Descalzi deve molto anche ai suoi avvocati e ai pasticci della procura di Milano, che hanno portato i giudici ad assolvere il manager dal reato di corruzione internazionale per una presunta mazzetta in Nigeria. I pm hanno recentemente anche chiesto l'archiviazione dell'ad e della moglie (indagati per «omessa comunicazione di conflitto di interessi») in merito all'incredibile vicenda per cui, tra il 2009 e il 2014, società estere riconducibili proprio alla moglie di Descalzi hanno fatturato a Eni 300 milioni in servizi vari. Operazioni ricostruite da documenti bancari, di cui l'ad ha detto di non aver mai saputo nulla. Al netto delle ripercussioni giudiziarie, secondo i nemici di Descalzi «il fatto è di una tale gravità che una sua riconferma può avvenire solo in Italia».

Ad Enel invece, Francesco Starace non avrà lo stesso fortunato destino del collega. Meloni ha deciso che il dirigente voluto nel lontano 2014 da Matteo Renzi verrà sostituito, insieme al presidente (indicato dal M5S tre anni fa) Michele Crisostomo. È noto che in pole come nuovo timoniere c'è Stefano Donnarumma, l'attuale capo di Terna che il premier stima e considera affidabile (è l'unico grande dirigente delle partecipate ad essere andato ad aprile 2022 alla conferenza programmatica di Fratelli d'Italia).

Starace paga relazioni non idilliache con Palazzo Chigi, e strategie industriali passate che il governo di destra non ha condiviso. Non in merito al fatturato, sempre in crescita record, ma sugli investimenti miliardari fatti lontano dalla patria e dal suolo italico (Starace ha fatto molte acquisizioni in Sud America) che avrebbero portato secondo Fazzolari e gli altri decisori a un aumento monstre del debito netto, oggi a oltre 60 miliardi di euro.

Non tutti nell'esecutivo concordano con il profilo scelto della premier. I leghisti credono infatti che Donnarumma non abbia le skills perché a digiuno di finanza, mentre Meloni è convinta che sia un manager completo. I suoi head hunter gli hanno in effetti segnalato come il titolo Terna sia cresciuto «del 33 per cento dall'inizio della nomina, mantenendo utili alti e tenendo sotto controllo il debito». La capa di FdI è rimasta impressionata pure dal grande cavo sottomarino che Terna sta piazzando tra Tunisia e Italia, finanziato per 300 milioni anche dalla Ue. Per Meloni è progetto storico, una grande operazione di sistema: «È nel destino dell'Italia diventare un nuovo hub energetico per l'intero continente», ha detto magnificando il progetto.

Scaroni il milanista

Ignazio La Russa e Matteo Salvini sperano ancora che Meloni possa cambiare idea, e stanno spingendo su un manager d'area e di grande esperienza come Flavio Cattaneo, già dg Rai, poi ad di Terna, di Telecom e di Italo. Contemporaneaente, Lega e Forza Italia hanno la quasi certezza di poter indicare il nuovo presidente di Enel. Cioè il sempiterno Paolo Scaroni.

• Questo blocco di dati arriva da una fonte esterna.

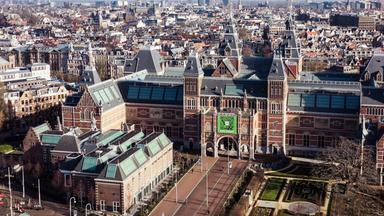 Luftaufnahme eines großen Gebäudes mit mehreren Türmen aus rotem Backstein in einer Großstadt (Amsterdam)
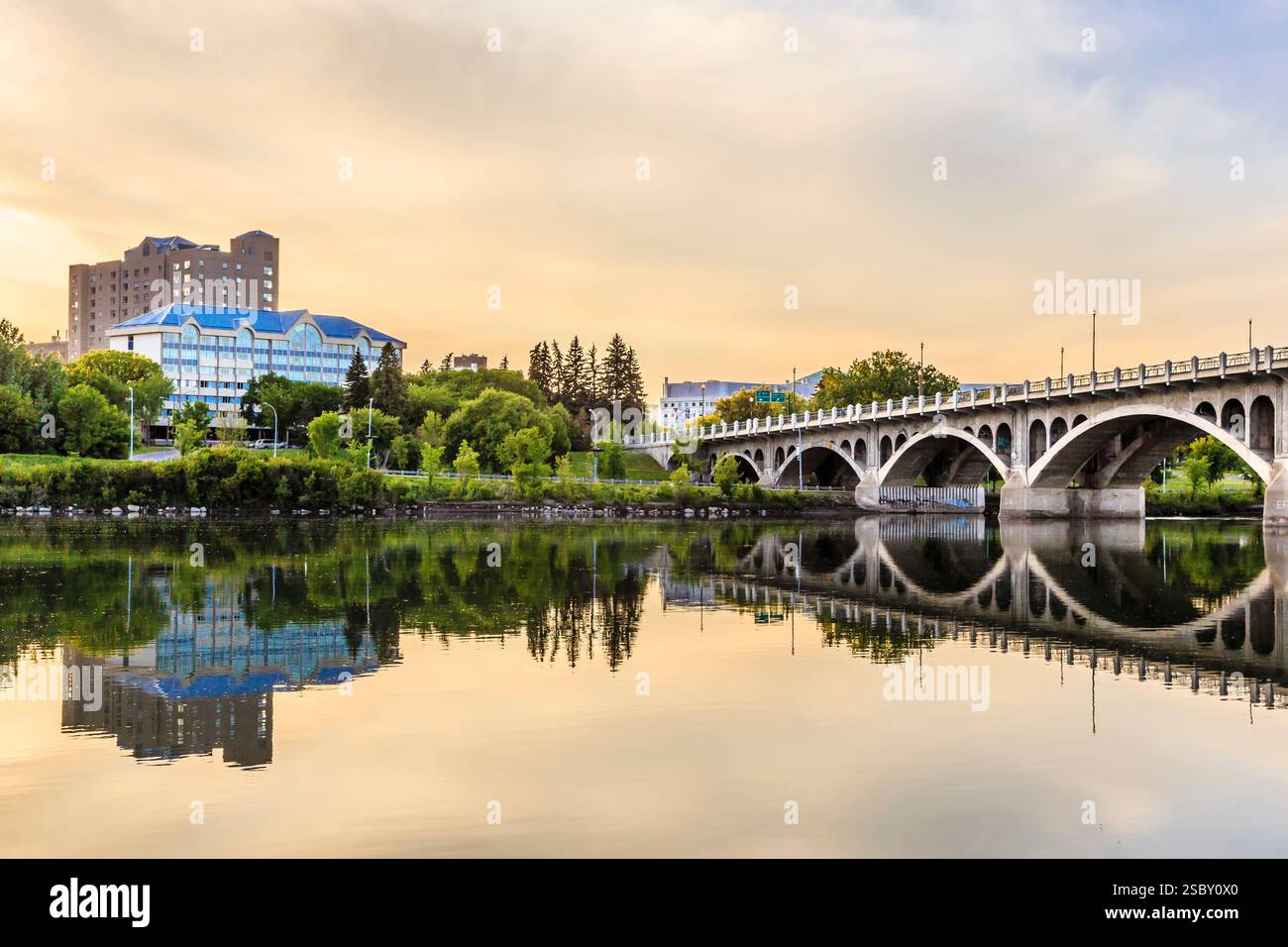 Ponte su un fiume con un riflesso di un edificio nell'acqua. Il ponte è sullo sfondo e l'edificio è in primo piano Foto Stock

Silvio Berlusconi ha chiamato personalmente qualche tempo fa per proporgli prima la sedia da presidente di Eni (Descalzi si è opposto fermamente e così l'ipotesi è finita prima di nascere), poi quella del colosso elettrico. Risulta a Domani che anche Salvini abbia chiesto a Scaroni a febbraio, allo stadio Meazza durante l'intervallo una partita del Milan, la sua disponibilità. Il dirigente ha accettato di rientrare in campo, ma a una sola condizione: restare anche presidente del Milan, ruolo a cui non vuole rinunciare. I dante causa gli hanno anticipato che la cosa è possibile.

Scaroni, 76 anni, uscito pulito da una miriade di inchieste penali, fedelissimo di Berlusconi ai tempi dell'Eni (l'allora premier gli chiese di aprire massicciamente all'importazione di gas russo), è considerato vicino al lobbista Luigi Bisignani e a Gianni Letta, e rischia di essere per Donnarumma una figura ingombrante. Non solo perché Scaroni è già stato ad dell'Enel, che dunque conosce meglio dell'amministratore in pectore. «Ma perché Paolo non è tipo da tagliare i nastri e stringere mani» dice un suo amico. «Vorrà incidere, consigliare, e ci riuscirà. Soprattutto se il nuovo ad, chiunque sia, non riuscisse a contenerlo».